If this is the wrong list for this question, I appologize.
Is there any precedent for notifying those whose results have popped up
for the below referenced google search?
I would be happy to send out an email to the domain owners?, to alert
them of a problem, but I am not sure if this is recommended.

Brandon McGinty


On 10/9/2010 11:00 AM, Vipul Agarwal wrote:
> That's a live and good example. I hope that now they'll understand the
> importance of the issue.
> 
> On Fri, Oct 8, 2010 at 11:28 AM, Shirish Padalkar
> <shirish.padalkar@....com>wrote:
> 
>>
>>
>> http://www.google.com/#sclient=psy&hl=en&site=&source=hp&q=inurl:recentservers.xml&oq=inurl:recentservers.xml
>>
>> :)
>>
>>
>>  From:
>> Ryan Sears <rdsears@....edu>
>> To:
>> full-disclosure <full-disclosure@...ts.grok.org.uk>
>> Date: 10/08/2010 08:52 AM Subject:
>> [Full-disclosure] Filezilla's silent caching of user's credentials
>> Sent by: full-disclosure-bounces@...ts.grok.org.uk
>> ------------------------------
>>
>>
>>
>> Hi all,
>>
>> As some of you may or may not be aware, the popular (and IMHO one of the
>> best) FTP/SCP program Filezilla caches your credentials for every host you
>> connect to, without either warning or ability to change this without editing
>> an XML file. There have been quite a few bug and features requests filed,
>> and they all get closed or rejected within a week or so. I also posted
>> something in the developer forum inquiring about this, and received this
>> response:
>>
>> "I do not see any harm in storing credentials as long as the rest of your
>> system is properly secure as it should be."
>>
>> Source:(http://forum.filezilla-project.org/viewtopic.php?f=3&t=17932)
>>
>> To me this is not only concerning, but also completely un-acceptable. The
>> passwords all get stored in PLAIN TEXT within your %appdata% directory in an
>> XML file. This is particularly dangerous in multi-user environments with
>> local profiles, because as we all know physical access to a computer means
>> it's elementary at best to acquire information off it. Permissions only work
>> if your operating system chooses to respect them, not to mention how simple
>> it is *even today* to maliciously get around windows networks using
>> pass-the-hash along with network token manipulation techniques.
>>
>> There has even been a bug filed that draws out great ways to psudo-mitigate
>> this using built-in windows API calls, but it doesn't seem to really be
>> going anywhere.

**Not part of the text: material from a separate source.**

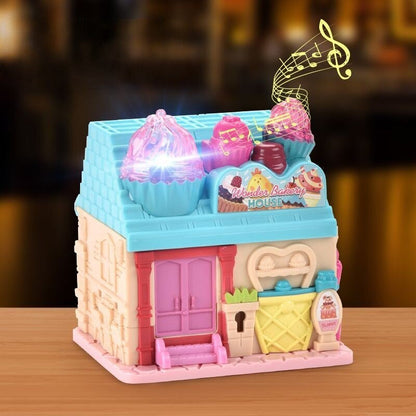 Colorful Kids Playhouse with Lights and Sounds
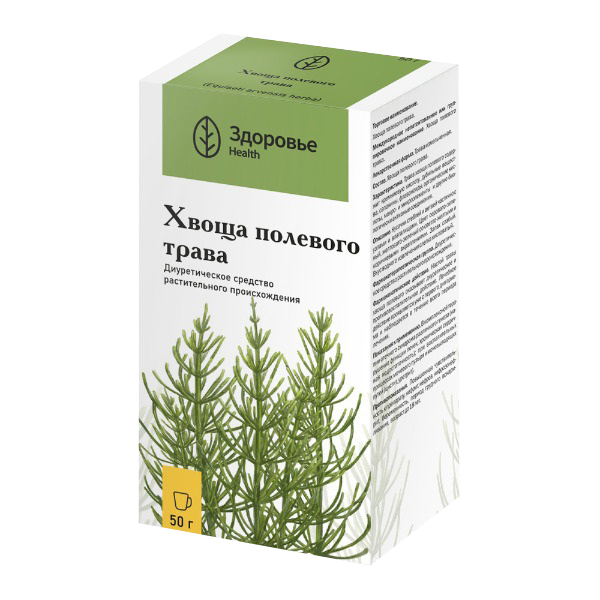Хвоща полевого трава сырье 50г фото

This really concerns me because a number of my coworkers and
>> friends were un-aware of this behavior, and I didn't even know about it
>> until I'd been using it for a year or so. All I really want to see is at the
>> very least just some warning that Filezilla does this.
>>
>> Filezilla bug report:(http://trac.filezilla-project.org/ticket/5530)
>>
>> My feelings have been said a lot more eloquently than I could ever hope to
>> in that bug report:
>>
>> "Whoever keeps closing this issue and/or dismissing its importance
>> understands neither security nor logical argument. I apologize for the slam,
>> but it is undeniably true. Making the same mistake over and over does not
>> make it any less of a mistake. The fact that a critical deficiency has
>> existed for years does not make it any less critical a deficiency.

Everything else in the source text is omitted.